TITLE:
Cross-Validation, Shrinkage and Variable Selection in Linear Regression Revisited
AUTHORS:
Hans C. van Houwelingen, Willi Sauerbrei
KEYWORDS:
Cross-Validation; LASSO; Shrinkage; Simulation Study; Variable Selection
JOURNAL NAME:
Open Journal of Statistics,
Vol.3 No.2,
April
24,
2013
ABSTRACT:
In deriving a regression model analysts often have to use variable
selection, despite of problems introduced by data- dependent model
building. Resampling approaches are proposed to handle some of the critical
issues. In order to assess and compare several strategies, we will conduct a
simulation study with 15 predictors and a complex correlation structure in
the linear regression model. Using sample sizes of 100 and 400 and estimates of
the residual variance corresponding to R2 of 0.50 and 0.71, we consider 4 scenarios with varying amount of information.
We also consider two examples with 24 and 13 predictors, respectively. We will
discuss the value of cross-validation, shrinkage and backward
elimination (BE) with varying significance level. We will assess whether 2-step
approaches using global or parameterwise shrinkage (PWSF) can improve selected models and will compare results to
models derived with the LASSO procedure. Beside of MSE we will use model
sparsity and further criteria for model assessment. The amount of information
in the data has an influence on the selected models and the comparison of the
procedures. None of the approaches was best in all scenarios.
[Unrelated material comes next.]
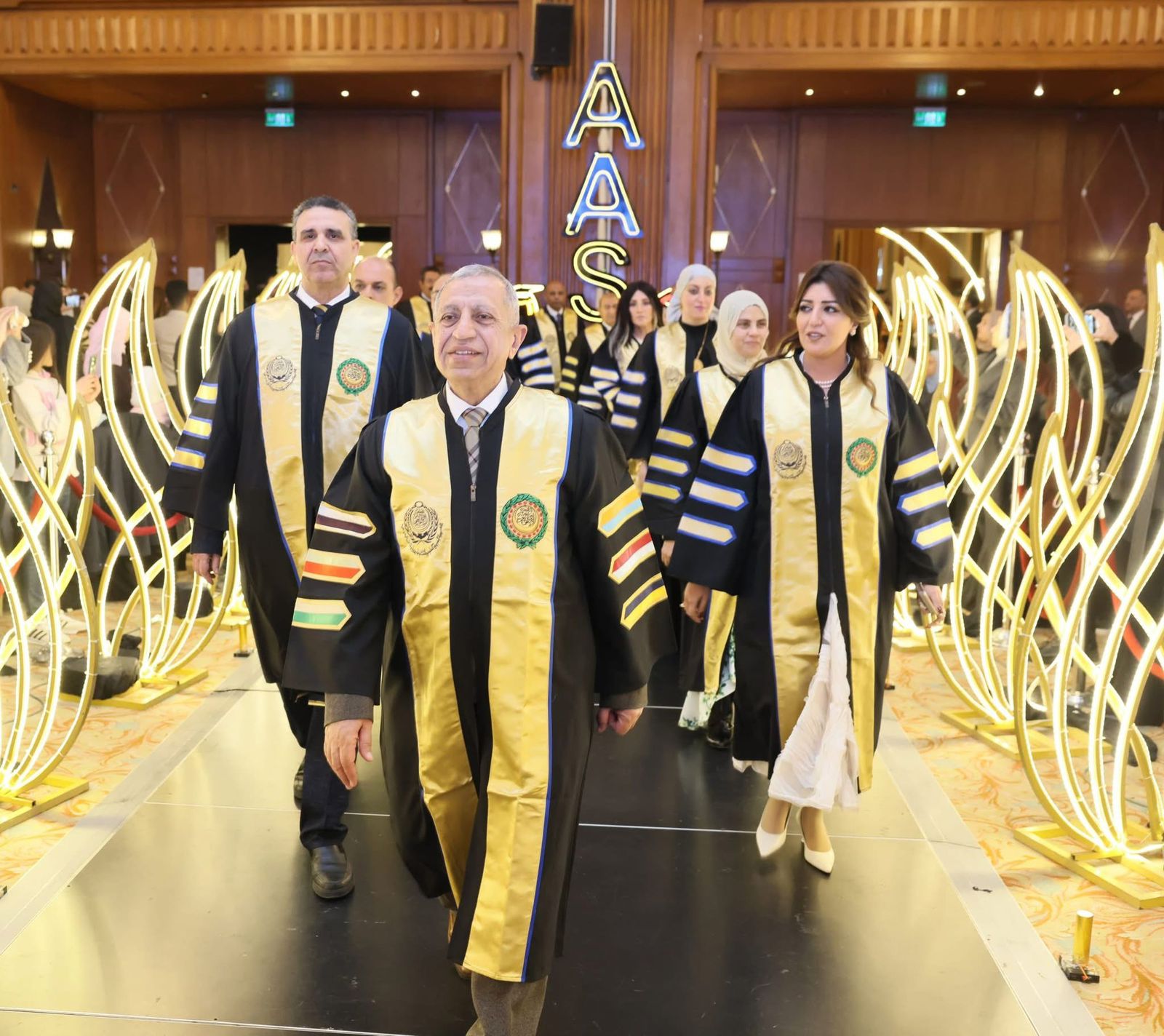 الأكاديمية العربية تحتفل بكوكبة جديدة من خريجي معهد للنقل الدولي واللوجستيات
The
performance of backward elimination with a suitably chosen significance level
was not worse compared to the LASSO and BE models selected were much sparser,
an important advantage for interpretation and transportability. Compared to
global shrinkage, PWSF had better performance. Provided that the amount of
information is not too small, we conclude that BE followed by PWSF is a suitable
approach when variable selection is a key part of data analysis.